I have had one for several years and it works great.


----------



## Oldstick

dawg2 said:


> You may have a bad one.  Send it back and thermacell will replace it.



+1 one on the great customer service.  They will replace it promptly.  I was having similar problems and emailed them and they replied very quickly and politely asking me to send it  back.

But I then discovered I just needed to screw the cartridge in TIGHT (not just snug) to get the gas to flow.  Maybe this got the unit broken in or maybe some cartridges are a little more finicky, but I haven't had this gas flow problem once since that first time.


----------



## ThermaCELL

*ThermaCELL Customer Support*

Hey All: My name is Josh and I work for ThermaCELL. I came upon this forum and these messages, so I wanted to reply to you all. We certainly stand behind our products and are happy to repair or replace any malfunctioning units that you have. 

Many times if you let the gas flow for two minutes before igniting this will ‘clean out’ the unit and fix the problem. We would urge you to try this on your ThermaCELLs first. If the units are still not working, please send it to: ThermaCELL, 26 Crosby Drive, Bedford MA 01730. Do not include any cartridges or repellent mats. Please fill out the return form (http://www.thermacell.com/sites/default/files/thermacell_return_repair_form.pdf) and include this in your package. Make sure you include your return address. We'll either fix your ThermaCELL and send it back, or send a new one ASAP. 

I apologize for the inconvenience and I want to stress that we value all customer feedback and that we stand behind our product. We look forward to getting you some working ThermaCELLs. 

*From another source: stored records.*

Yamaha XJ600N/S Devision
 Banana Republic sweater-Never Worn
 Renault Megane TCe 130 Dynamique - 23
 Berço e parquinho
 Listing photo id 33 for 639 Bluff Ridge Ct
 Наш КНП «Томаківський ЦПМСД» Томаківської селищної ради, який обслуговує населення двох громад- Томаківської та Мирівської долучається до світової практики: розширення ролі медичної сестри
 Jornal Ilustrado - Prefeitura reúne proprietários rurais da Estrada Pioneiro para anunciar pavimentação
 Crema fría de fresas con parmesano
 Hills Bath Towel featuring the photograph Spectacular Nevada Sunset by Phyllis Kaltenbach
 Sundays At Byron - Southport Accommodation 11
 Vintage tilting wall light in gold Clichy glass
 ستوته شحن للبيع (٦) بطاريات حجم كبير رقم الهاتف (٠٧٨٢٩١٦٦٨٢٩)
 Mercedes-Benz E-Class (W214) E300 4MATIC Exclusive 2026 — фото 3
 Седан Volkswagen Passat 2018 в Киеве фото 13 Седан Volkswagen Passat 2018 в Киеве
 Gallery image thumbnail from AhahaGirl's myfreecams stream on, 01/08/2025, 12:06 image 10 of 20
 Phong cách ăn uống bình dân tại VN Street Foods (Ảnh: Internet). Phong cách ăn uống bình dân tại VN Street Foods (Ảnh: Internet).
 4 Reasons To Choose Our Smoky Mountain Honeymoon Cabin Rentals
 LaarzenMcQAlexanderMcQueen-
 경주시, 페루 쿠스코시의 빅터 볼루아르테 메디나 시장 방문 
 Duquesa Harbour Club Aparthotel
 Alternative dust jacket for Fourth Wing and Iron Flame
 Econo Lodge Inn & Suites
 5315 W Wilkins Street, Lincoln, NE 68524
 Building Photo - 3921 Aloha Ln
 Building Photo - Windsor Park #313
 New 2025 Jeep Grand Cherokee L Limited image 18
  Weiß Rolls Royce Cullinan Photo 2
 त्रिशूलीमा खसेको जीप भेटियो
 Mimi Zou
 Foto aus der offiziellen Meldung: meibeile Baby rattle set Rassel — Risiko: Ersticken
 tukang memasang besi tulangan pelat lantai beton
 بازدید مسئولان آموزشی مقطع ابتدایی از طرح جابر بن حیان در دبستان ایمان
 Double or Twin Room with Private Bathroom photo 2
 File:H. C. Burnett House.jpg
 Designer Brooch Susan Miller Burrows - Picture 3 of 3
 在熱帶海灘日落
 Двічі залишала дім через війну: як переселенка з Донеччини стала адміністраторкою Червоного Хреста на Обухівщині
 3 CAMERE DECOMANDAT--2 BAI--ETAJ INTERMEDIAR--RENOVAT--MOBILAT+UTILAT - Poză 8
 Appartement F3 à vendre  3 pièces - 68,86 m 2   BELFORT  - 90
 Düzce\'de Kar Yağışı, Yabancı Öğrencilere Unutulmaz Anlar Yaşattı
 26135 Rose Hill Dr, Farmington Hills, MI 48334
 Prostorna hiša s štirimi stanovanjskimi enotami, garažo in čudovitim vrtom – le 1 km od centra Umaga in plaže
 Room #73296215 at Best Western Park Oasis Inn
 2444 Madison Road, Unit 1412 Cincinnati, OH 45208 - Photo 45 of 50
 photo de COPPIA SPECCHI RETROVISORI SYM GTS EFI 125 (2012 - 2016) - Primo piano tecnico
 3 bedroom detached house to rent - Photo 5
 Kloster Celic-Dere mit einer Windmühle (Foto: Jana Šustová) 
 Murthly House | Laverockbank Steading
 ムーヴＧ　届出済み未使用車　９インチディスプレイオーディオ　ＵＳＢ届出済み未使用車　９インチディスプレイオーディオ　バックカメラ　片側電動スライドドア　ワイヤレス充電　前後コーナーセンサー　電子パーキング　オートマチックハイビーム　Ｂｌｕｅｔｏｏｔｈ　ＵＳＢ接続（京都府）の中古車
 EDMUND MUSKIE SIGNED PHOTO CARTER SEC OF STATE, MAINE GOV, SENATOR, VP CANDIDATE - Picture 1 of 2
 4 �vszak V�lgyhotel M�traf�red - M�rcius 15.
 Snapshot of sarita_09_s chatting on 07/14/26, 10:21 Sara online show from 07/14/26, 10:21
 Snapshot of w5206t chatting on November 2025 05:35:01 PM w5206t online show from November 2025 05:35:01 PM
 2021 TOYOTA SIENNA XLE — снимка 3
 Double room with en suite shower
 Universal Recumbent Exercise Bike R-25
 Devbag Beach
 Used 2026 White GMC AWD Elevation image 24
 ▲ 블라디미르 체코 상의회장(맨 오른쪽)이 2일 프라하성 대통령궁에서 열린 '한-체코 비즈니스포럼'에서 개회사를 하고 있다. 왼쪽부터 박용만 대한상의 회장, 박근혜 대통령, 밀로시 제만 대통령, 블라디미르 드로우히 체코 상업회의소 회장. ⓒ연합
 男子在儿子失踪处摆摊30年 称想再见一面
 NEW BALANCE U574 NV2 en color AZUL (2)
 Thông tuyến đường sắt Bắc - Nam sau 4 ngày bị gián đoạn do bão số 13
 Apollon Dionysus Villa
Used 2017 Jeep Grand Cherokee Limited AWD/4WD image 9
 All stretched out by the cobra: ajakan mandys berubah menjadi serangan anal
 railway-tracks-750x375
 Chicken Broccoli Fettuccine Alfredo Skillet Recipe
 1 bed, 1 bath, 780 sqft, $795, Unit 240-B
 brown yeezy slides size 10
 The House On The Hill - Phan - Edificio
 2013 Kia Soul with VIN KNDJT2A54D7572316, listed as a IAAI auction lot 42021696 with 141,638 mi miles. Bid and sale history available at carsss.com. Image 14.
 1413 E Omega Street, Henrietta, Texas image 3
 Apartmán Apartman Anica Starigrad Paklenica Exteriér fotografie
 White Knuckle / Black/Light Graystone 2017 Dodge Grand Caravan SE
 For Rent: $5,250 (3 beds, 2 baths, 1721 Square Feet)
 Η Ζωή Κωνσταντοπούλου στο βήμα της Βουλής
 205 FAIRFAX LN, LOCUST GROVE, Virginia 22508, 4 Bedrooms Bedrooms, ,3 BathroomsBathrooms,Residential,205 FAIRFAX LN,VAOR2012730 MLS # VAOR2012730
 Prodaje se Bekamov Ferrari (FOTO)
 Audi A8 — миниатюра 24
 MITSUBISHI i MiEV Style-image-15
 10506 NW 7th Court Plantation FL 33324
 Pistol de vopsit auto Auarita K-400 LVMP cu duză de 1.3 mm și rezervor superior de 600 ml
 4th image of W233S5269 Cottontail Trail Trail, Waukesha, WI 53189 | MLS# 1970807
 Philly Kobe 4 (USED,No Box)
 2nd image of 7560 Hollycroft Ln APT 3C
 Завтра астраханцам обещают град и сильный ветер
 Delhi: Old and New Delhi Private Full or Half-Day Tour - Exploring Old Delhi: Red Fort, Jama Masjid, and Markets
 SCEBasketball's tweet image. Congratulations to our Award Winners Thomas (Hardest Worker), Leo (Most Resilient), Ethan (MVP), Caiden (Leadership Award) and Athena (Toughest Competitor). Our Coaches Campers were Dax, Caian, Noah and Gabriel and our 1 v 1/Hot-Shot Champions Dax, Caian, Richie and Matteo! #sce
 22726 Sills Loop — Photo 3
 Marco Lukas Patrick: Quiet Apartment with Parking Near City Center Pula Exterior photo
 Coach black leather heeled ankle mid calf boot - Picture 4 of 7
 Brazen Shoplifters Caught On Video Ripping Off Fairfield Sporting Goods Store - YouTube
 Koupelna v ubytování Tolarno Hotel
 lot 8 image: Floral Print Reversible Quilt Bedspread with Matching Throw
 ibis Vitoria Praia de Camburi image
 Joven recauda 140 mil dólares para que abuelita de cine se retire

Any questions or concerns - please private message me or email me at jsilvia@thermacell.net


----------



## Miguel Cervantes

ThermaCELL said:


> Hey All: My name is Josh and I work for ThermaCELL. I came upon this forum and these messages, so I wanted to reply to you all. We certainly stand behind our products and are happy to repair or replace any malfunctioning units that you have.
> 
> Many times if you let the gas flow for two minutes before igniting this will ‘clean out’ the unit and fix the problem. We would urge you to try this on your ThermaCELLs first. If the units are still not working, please send it to: ThermaCELL, 26 Crosby Drive, Bedford MA 01730. Do not include any cartridges or repellent mats. Please fill out the return form (http://www.thermacell.com/sites/default/files/thermacell_return_repair_form.pdf) and include this in your package. Make sure you include your return address. We'll either fix your ThermaCELL and send it back, or send a new one ASAP.
> 
> I apologize for the inconvenience and I want to stress that we value all customer feedback and that we stand behind our product. We look forward to getting you some working ThermaCELLs.
> 
> Any questions or concerns - please private message me or email me at jsilvia@thermacell.net



It just doesn't get any simpler or better than that.


----------



## Buck Nasty

ThermaCELL said:


> Hey All: My name is Josh and I work for ThermaCELL. I came upon this forum and these messages, so I wanted to reply to you all. We certainly stand behind our products and are happy to repair or replace any malfunctioning units that you have.
> 
> Many times if you let the gas flow for two minutes before igniting this will ‘clean out’ the unit and fix the problem. We would urge you to try this on your ThermaCELLs first. If the units are still not working, please send it to: ThermaCELL, 26 Crosby Drive, Bedford MA 01730. Do not include any cartridges or repellent mats. Please fill out the return form (http://www.thermacell.com/sites/default/files/thermacell_return_repair_form.pdf) and include this in your package. Make sure you include your return address. We'll either fix your ThermaCELL and send it back, or send a new one ASAP.
> 
> I apologize for the inconvenience and I want to stress that we value all customer feedback and that we stand behind our product. We look forward to getting you some working ThermaCELLs.
> 
> Any questions or concerns - please private message me or email me at jsilvia@thermacell.net



There you have it.....not only do they stand behind their products, they are on GON!!!!!


----------



## jonkayak

ThermaCELL said:


> Hey All: My name is Josh and I work for ThermaCELL. I came upon this forum and these messages, so I wanted to reply to you all. We certainly stand behind our products and are happy to repair or replace any malfunctioning units that you have.
> 
> Many times if you let the gas flow for two minutes before igniting this will ‘clean out’ the unit and fix the problem. We would urge you to try this on your ThermaCELLs first. If the units are still not working, please send it to: ThermaCELL, 26 Crosby Drive, Bedford MA 01730. Do not include any cartridges or repellent mats. Please fill out the return form (http://www.thermacell.com/sites/default/files/thermacell_return_repair_form.pdf) and include this in your package. Make sure you include your return address. We'll either fix your ThermaCELL and send it back, or send a new one ASAP.
> 
> I apologize for the inconvenience and I want to stress that we value all customer feedback and that we stand behind our product. We look forward to getting you some working ThermaCELLs.
> 
> Any questions or concerns - please private message me or email me at jsilvia@thermacell.net



I wished more companies would follow your lead. 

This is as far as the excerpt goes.